Day 2: Drive toward Wawona. Make sure to stop at the look out just before the tunnel. Continue on to Mariposa Grove and see the huge redwood. There are a number of nice day hikes around the south west corner of the park. Stop at Glacier Point to see the sun go down and hear one of the ranger talks.
Day 3: Take a hike. People who want to push themselves hike Half Dome.. but there are lots of other wonderful hikes.
Day 4: Head up to Tuolumne Meadows. See the high alpine landscape. Take a hike.
If you have the time, cross Tioga pass and head down to check out Mono lake and the area around Devil's Postpile. On the way to Devil's Postpile you will past through the nice community of Mammoth Lakes. The food at the Convict Lake Lodge is quite tasty.
Various Links about Yosemite: Yosemite Online, Park Service, AmTrak Transport, Corbis Photos, Photos by Rich Ellis
Tahoe is pretty... but unless you have a lot of time, I would skip Tahoe so you have more time as Yosemite.
You can get commercial information from NapaValley.COM. If you know what you are looking for, Napa Valley Online is a good online directory. I have found The Best of the Wine Country to be a useful guidebook to the area. Wine is the first order of business. Most wineries offer tasting for a modest fee. Some offer tours or other attractions on site. I would guess there are something like 300 wineries in the area, and I have only visited a handful.
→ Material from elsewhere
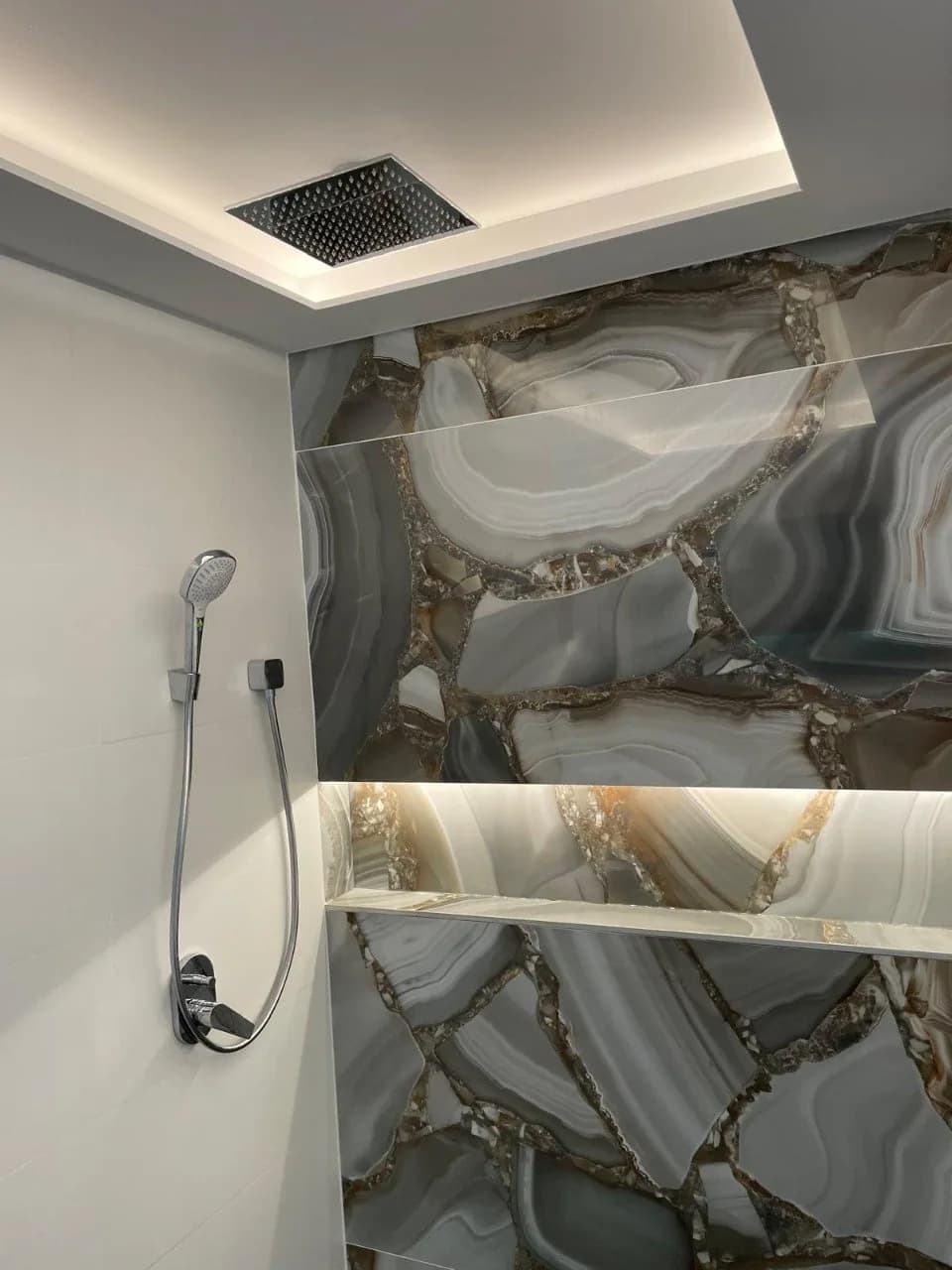 Luxury bathroom plastering with agate feature wall and integrated LED ceiling lighting, Mosman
My favorites so far are Hess Collection (Napa, decent wine, small interesting modern art museum), Cuvaison (Catistoga, my favorite wine, facility is minimalist), Korbel Champagne (Russian River, nice flower garden), Buena Vista (Sonoma Valley, nice picnic area), Sterling Vineyards (Catistoga, tram to great view - wine not so good), Clos Pegase (Catistoga, some interesting art). Check of napa valley events for seasonal events and activities. There are a number of popular activities in the area: bicycling, hot air balloon rides, mud baths in Catistoga, etc. There are a large number of excellent restaurants. My favorite restaurant is Terra (Southern France+Pacific Rim), followed by Trilogy (Califorian+French), French Laundry (Yountville, French country, super expensive), and Tra Vigne (Tuscan). We will often stop at Mustard's for lunch (Yountville, interesting American comfort food) on the drive up to the area. Numerous people have told me that Auberge Du Soleil is an outstanding place to eat and stay and The El Dorado Hotel looked very nice. There are countless B&Bs in the area Many are mediocre, but there are some which are outstanding. Alas, I haven't visited many of the truly great places to stay because you need to get reservations reasonably far in advance, and I head up to the Napa area more or less at the last minute.
If you have another 3-7 days, head north of San Francisco. There are a number of cute towns along the coast, and the wonderful Redwood State & National Parks region.